The protesters sent out a fake press release yesterday (18 October), purporting to come from Chevron itself, saying it was releasing ads proclaiming "Oil companies should fix the problems they create".

The oil company was due to release details of its new ad campaign yesterday, called "We Agree", but the protesters arranged to send their own version of the press release out ahead of the corporation.

Instead, news outlets around the world received a hoax press release with the same "We Agree" strapline, just hours before the genuine press release was sent out. It featured one ad with the line "Oil Companies Should Clean Up Their Messes".

It is understood the protesters received a tip-off about the timing of the new campaign from a blogger a few weeks ago.
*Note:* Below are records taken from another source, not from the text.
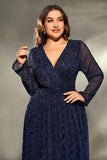 Navy Long Sleeves V Neck A Line Plus Size Wedding Guest Dress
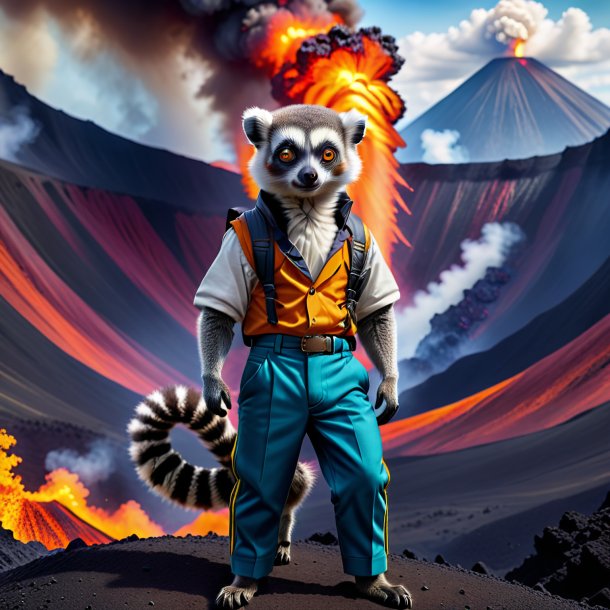 Photo of a lemur in a trousers in the volcano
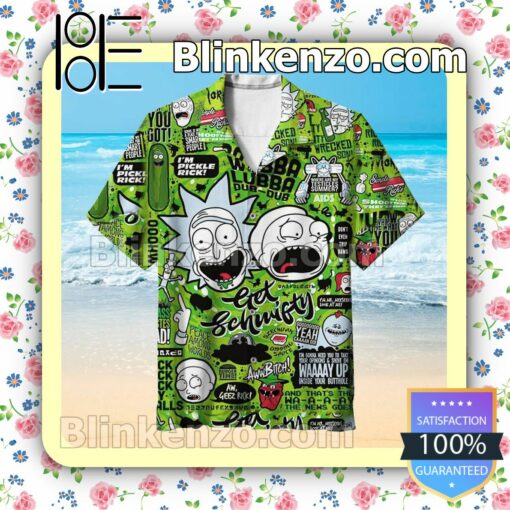 Rick And Morty Get Schwifty Summer Hawaiian Shirt, Mens Shorts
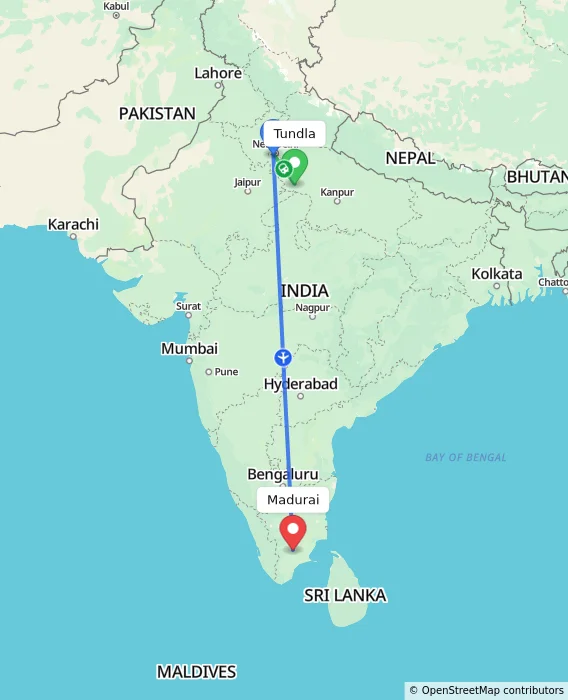 Route map showing distance and travel time from Tundla, India to Madurai, India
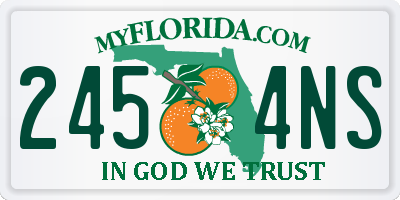 FL license plate 2454NS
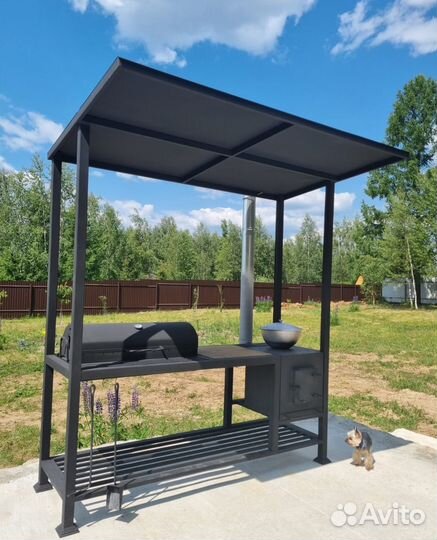 Мангал с печью под казан и крышей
It has been widely reported by international news channels that the protesters were members of the environmental groups Yes Men and the Rainforest Action Network.

The fake press release included fabricated quotes from real Chevron executives, as well as a link to a spoof Chevron website, which aimed to highlight the company’s environmental responsibilities.

The forged website, www.chevron-weagree.com, replicates the font and layout of the real Chevron website, www.chevron.com.

It includes the message: "For decades, oil companies like ours have worked in disadvantaged areas, influencing policy in order to do there what we can't do at home. It's time this changed. People in Ecuador, Nigeria, the Gulf of Mexico, Richmond, and elsewhere have a right to a clean and healthy environment too."

The genuine Chevron press release includes a quote from Rhonda Zygocki, vice-president of policy, government and public affairs at Chevron, saying: "We hear what people say about oil companies – that they should develop renewables, support communities, create jobs and protect the environment – and the fact is, we agree".

The fake release made up a quote for the same executive Rhonda Zygocki. It said: "Chevron is making a clean break from the past by taking direct responsibility for our own actions."

Chevron's "We Agree" campaign includes a series of print ads and 30-second TV spots, created by McGarryBowen.

The fake website includes an update since sending out the press release yesterday, which said "Okay, we admit it: We punked Chevron".

It added: "Some reporters got fooled by our spoof. Others managed to figure out it was a parody before they published their piece, but even still, we’d managed to derail much of the press about Chevron’s pricey new PR effort."

The Yes Men have a history of launching similar stunts on "corporations we don’t like" such as the American multinational Dow Chemical Co. Andy Bichlbaum and Mike Bonanno, Yes Men ringleaders, have posed as spokespeople for industrial corporations.

In 2004, Bichlbaum lured the BBC into interviewing him during their coverage of the 20th anniversary of the 1984 Bhopal gas tragedy, where several thousands of people in India were exposed to toxic gas from a pesticide plant.

Bichlbaum posed as a spokesperson from the Dow Chemical Co, which inherited responsibility for the clean-up of the site in 2001, when it acquired the company which operated it during the disaster.

He said the company would clean up the site and pay out billions of dollars to the survivors.